[Collected data entries]
^^^^
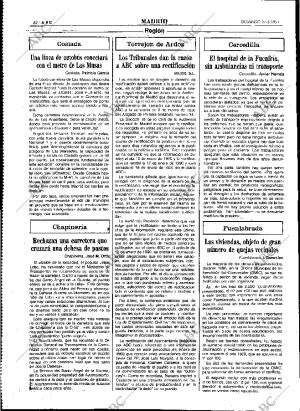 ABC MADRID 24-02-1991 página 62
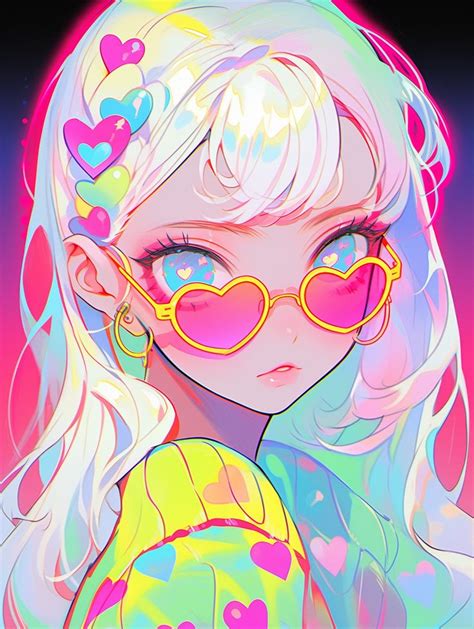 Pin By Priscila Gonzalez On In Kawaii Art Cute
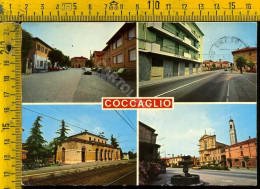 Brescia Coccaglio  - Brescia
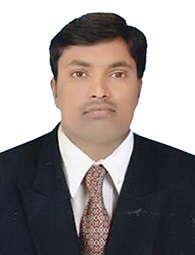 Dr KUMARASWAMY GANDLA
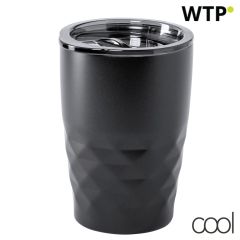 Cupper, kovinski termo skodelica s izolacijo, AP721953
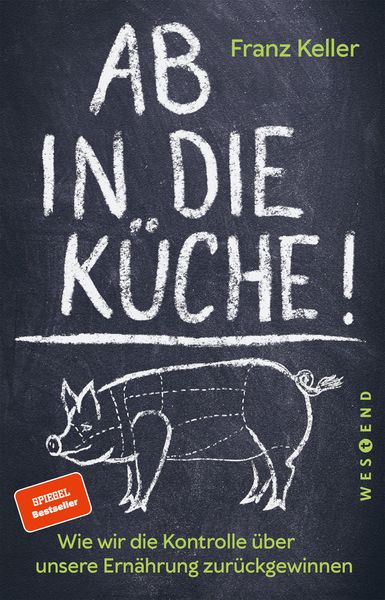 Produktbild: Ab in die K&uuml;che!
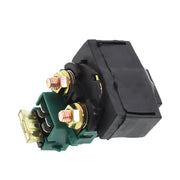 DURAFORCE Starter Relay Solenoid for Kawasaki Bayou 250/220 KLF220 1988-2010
^^^^
● **What you will do**
Print again, word for word, every line from the line with "Cupper, kovinski termo" to the final line of the records, inclusive; skip the pictures.

● **Exercise output**
 Cupper, kovinski termo skodelica s izolacijo, AP721953
 Produktbild: Ab in die K&uuml;che!
 DURAFORCE Starter Relay Solenoid for Kawasaki Bayou 250/220 KLF220 1988-2010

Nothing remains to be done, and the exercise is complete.